After the Legacy game, (early 2000s), I started making mosaics for my garden. I made a three piece mosaic of a white dove over our little townhouse-with-the-chamomile-lawn which I had in my townhouse’s courtyard garden, (now gracing the path to a much larger vegetable garden at my new house). At the turn of the decade, still adoring making mosaics, I made a large mosaic of a blue bird, the bluebird of happiness, with a daisy in its beak, which I carried in my hand luggage on a plane and took all the way over to Australia for my friend’s garden, the first time I’d seen her since her much loved 11 year old daughter’s murder (at the hand of my friend’s ex-husband, the father of her beautiful, sweet daughter.)
This bird with the flower in its beak has come to mean so much to me.

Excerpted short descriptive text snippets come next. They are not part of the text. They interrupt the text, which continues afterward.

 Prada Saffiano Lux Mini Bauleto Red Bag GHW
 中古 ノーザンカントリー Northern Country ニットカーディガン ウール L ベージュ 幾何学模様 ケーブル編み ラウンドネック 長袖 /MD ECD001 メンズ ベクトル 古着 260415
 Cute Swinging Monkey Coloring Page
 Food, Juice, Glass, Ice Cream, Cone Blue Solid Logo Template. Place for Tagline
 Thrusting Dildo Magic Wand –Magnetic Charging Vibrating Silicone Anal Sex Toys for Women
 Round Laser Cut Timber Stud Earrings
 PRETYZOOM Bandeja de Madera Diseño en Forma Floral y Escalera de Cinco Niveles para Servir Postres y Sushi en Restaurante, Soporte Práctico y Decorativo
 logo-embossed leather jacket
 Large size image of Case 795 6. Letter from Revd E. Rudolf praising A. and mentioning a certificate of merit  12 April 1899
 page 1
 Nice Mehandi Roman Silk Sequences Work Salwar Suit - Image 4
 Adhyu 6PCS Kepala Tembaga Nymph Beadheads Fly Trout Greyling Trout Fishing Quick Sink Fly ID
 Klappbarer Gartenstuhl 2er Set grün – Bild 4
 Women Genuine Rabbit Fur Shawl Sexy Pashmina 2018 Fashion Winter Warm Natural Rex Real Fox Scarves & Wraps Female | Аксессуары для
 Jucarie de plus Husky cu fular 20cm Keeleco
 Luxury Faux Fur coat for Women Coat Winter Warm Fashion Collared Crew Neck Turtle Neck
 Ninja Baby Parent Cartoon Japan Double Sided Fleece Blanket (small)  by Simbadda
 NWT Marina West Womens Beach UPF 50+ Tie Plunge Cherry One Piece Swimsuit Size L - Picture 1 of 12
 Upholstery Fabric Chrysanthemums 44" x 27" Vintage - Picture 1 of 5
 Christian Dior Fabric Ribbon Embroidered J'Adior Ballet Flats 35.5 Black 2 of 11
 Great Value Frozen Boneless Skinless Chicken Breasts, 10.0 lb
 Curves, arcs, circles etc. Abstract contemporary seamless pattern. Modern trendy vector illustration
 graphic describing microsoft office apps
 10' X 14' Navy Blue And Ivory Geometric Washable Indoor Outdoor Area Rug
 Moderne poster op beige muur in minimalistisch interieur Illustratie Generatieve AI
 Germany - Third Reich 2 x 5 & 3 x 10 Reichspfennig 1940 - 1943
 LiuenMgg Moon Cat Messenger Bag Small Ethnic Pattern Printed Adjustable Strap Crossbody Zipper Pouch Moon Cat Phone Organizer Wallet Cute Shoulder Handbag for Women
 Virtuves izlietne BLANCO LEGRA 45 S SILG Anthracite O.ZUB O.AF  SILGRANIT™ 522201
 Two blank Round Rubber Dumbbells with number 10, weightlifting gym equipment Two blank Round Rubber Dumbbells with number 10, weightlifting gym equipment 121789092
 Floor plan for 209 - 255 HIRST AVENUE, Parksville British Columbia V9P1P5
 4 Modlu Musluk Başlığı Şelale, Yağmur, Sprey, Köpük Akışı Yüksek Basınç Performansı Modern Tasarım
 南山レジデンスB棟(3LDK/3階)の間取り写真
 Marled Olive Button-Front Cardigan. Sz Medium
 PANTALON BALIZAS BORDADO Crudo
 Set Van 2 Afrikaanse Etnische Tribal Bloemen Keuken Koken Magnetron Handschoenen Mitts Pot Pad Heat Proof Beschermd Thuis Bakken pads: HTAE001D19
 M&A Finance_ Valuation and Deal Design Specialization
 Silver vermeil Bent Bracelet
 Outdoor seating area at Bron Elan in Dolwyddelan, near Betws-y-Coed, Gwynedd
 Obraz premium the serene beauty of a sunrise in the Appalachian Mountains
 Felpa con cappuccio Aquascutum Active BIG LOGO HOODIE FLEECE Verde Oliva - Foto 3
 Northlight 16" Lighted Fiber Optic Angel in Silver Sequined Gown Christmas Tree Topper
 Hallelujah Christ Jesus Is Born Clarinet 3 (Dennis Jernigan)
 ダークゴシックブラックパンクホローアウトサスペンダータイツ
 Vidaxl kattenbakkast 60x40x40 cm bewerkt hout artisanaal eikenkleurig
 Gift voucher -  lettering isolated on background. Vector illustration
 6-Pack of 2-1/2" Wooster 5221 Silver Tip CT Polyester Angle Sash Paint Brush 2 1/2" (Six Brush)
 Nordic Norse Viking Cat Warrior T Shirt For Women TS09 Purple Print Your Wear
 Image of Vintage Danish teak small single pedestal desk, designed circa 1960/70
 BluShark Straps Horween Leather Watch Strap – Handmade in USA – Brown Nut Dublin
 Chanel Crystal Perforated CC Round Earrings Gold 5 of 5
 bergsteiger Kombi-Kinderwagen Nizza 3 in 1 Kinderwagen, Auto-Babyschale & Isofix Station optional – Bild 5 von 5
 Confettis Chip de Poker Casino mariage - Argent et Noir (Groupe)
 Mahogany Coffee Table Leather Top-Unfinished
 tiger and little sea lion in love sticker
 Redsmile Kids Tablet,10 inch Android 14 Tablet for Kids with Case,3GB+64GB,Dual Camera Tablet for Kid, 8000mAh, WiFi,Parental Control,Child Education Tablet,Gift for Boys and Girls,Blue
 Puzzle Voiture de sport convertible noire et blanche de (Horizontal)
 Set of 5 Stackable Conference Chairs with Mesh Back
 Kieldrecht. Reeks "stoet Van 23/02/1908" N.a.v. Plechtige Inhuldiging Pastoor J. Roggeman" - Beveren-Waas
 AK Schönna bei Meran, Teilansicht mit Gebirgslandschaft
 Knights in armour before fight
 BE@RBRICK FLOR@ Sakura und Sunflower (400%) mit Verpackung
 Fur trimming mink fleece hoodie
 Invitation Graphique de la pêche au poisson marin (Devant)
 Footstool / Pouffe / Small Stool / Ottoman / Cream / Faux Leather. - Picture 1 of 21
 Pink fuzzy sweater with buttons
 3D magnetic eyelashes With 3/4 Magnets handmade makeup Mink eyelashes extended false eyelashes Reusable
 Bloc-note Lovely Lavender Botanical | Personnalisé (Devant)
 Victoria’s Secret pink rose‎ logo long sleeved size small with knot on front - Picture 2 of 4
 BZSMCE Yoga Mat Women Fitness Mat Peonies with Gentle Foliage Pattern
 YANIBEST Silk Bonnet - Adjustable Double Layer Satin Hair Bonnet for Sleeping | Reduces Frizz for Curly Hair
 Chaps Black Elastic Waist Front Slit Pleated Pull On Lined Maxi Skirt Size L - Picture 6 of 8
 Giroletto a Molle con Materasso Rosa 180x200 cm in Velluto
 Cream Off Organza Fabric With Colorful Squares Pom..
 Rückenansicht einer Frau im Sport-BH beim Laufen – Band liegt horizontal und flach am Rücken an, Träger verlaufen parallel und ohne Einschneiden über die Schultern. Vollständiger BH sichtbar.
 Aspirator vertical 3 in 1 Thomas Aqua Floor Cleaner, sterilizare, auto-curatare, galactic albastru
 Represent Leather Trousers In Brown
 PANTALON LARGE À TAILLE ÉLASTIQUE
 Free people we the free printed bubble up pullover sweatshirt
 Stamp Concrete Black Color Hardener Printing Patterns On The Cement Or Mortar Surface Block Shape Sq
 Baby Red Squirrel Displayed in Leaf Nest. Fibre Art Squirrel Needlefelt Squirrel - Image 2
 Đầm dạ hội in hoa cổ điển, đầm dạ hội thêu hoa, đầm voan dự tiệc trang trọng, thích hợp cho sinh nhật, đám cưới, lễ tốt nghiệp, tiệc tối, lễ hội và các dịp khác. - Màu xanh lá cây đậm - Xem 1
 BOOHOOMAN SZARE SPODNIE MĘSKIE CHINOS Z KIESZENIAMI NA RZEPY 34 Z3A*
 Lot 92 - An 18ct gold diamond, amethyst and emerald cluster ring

The Legacy dove became a manila paper cut out which I used everywhere in digital collages. The shape of the bird could just be a manila silhouette, or it could have the penciled outline of a bird shakily drawn on. This featured prominently on the front page of my Urgent Artwork business site.
Then it became part of a fabric and wallpaper collection of Legacy paper cutouts, my favourite part of the collection was the simple pencil outline of the bird drawn every which way (top right in image above). The sample I received of that design was a silky faile fabric, how divine it would look made up into a blouse, or a wrap top for next summer.
Next, I was doing a design with an affirming intention for an upholstery fabric. I wanted it to be full of positive meanings and intent. The design is called I Wish, or I wish you love, happiness and beauty. I did a variation, I wish you love, peace and beauty. See the I wish collection for fabric and wall paper, and for other household items. It features both the dove and the bluebird of happiness but for different colourways.
The Steal Like an Artist idea is a fantastic suggestion for beginner artists especially, to steal ideas or allow yourself to be influenced by other artists that spark inspiration, but actually we can always be looking back at what we have done in the past and steal those ideas for future work if they still serve us. Things evolve and change (and sometimes they don’t). Recurring motifs make art interesting and meaningful, especially when they can be traced back somewhere to moments in our lives. Along the way, artists looking backwards will realise that not everyone gets their art, but some do. If an artist or their loved ones did, sometimes that is satisfying enough.